Auf Adelheid folgte Hazecha, eine Nachfahrin von Geros Bruder Siegfried. Seit dieser Zeit übernahmen häufig Töchter aus den mit Geros Familie verwandten Geschlechtern der Askanier und Wettiner die Ämter der Äbtissin und der Pröpstin in Gernrode. Seitdem Otto I. das Stift am 17. Juni 961 unter seinen Schutz gestellt hatte, waren die Kanonissen verpflichtet, für das Seelenheil des Herrschers und seines Sohnes zu beten und den reisenden König mitsamt Gefolge zu beherbergen und zu verköstigen. Überliefert sind aber nur wenige Herrscheraufenthalte in Gernrode. Das Gastrecht nutzten anscheinend nur Kunigunde, die Gemahlin König Heinrichs II., König Heinrich V. und Kaiser Friedrich I.

Stollenschrank Halberstadt, Domschatz (Besitz der Liebfrauenkirche), um 1230/40 Repro: Halle, Landesamt für Denkmalpflege Sachsen-AnhaltAuf der rechten Flügeltür des Schranks befindet sich im Inneren die Darstellung der hl. Kunigunde in königlicher Pose, auf der linken Flügeltür die hl. Katharina als Königin.

Königin Kunigunde besuchte das Stift Gernrode am Palmsonntag des Jahres 1004 in Begleitung Erzbischof Taginos von Magdeburg und des Klerikers Thietmar, des späteren Bischofs von Merseburg. Sie feierte mit der Äbtissin Hathui I. die Messe und zog anschließend mit ihrem Gefolge nach Magdeburg weiter, wo sie am Mittwoch der Karwoche eintraf und bis Ostern verweilte.

 

Thietmar von Merseburg, Chronicon. Thietmar von Merseburg, Chronicon, Lib.VI 3, fol. 98 v . Aus: Die Dresdner Handschrift der Chronik des Bischofs Thietmar von Merseburg in Faksimile hrsg. [von Ludwig Schmidt], Dresden 1905 (Göttingen, Diplomatischer Apparat der Georg-August-Universität, DA – TD 59).

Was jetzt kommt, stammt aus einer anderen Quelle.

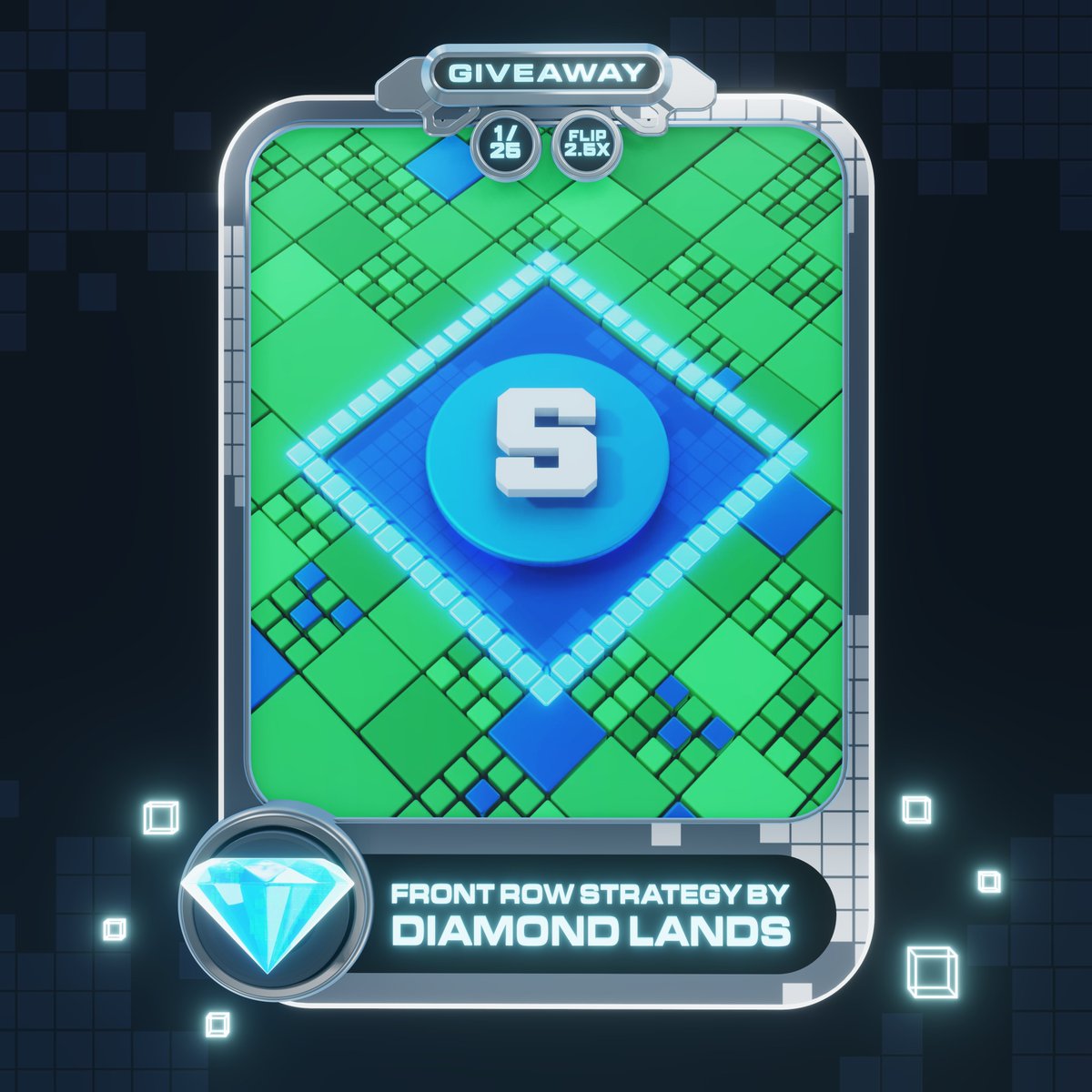 Diamond Lands #NFTGiveaway Announcement 💎🌏 

We randomly drew 5 addresses from those who minted in our first Vault and have sent these lucky frens a giveaway NFT. As a reminder, each NFT represents a 1/25 share of a Front Row Diamond Land 😉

Venimus ad saltum Geronis ibique cum venerabili abbatissa Hathui palmas solemniter peregimus. »Wir kamen zum Wald Geros und begingen feierlich mit der Äbtissin Hathui den Palmsonntag.«

Das Stift erhielt umfangreiche Besitzschenkungen und Privilegien (Immunität, freie Wahl des Vogtes und der Äbtissin) von den ottonischen Herrschern. Zwar unterstützten auch die frühen salischen Herrscher die Kanonissen, ihr Interesse an Sachsen verlagerte sich jedoch stärker auf den Westharz (Goslar). Seit dem Ende des 12. Jahrhunderts trat an die Stelle der königlichen Protektion der Einfluss sächsischer Schutzvögte aus dem Haus der Askanier, der späteren Fürsten von Anhalt. Im 15. und 16. Jahrhundert bemühten sich die Äbtissinnen erneut um kaiserliche Privilegien. Sigmund, Friedrich III., Karl V., Maximilian II. und Rudolf II. bestätigten die Rechte des Stifts und die Einsetzung der Äbtissinnen.

 

Privileg Friedrichs I. Hannover, Niedersächsisches Hauptstaatsarchiv, Hild. Or. 2 Kloster Wöltingerode Nr. 2. Kaiser Friedrich I. bestätigt die Gründung und Ausstattung des Zisterzienserinnenklosters Wöltingerode und nimmt es in seinen Schutz. Ausgestellt in Gernrode am 22. November 1188.

Friedrich Barbarossa hielt in Gernrode vom 20. – 25. November 1188 einen Hoftag. Während seines Aufenthalts stellte er drei Urkunden aus und stiftete der Kirche angeblich eine Glocke, die heute noch in der Stadtkirche St. Stephan hängt (sog. Barbarossaglocke).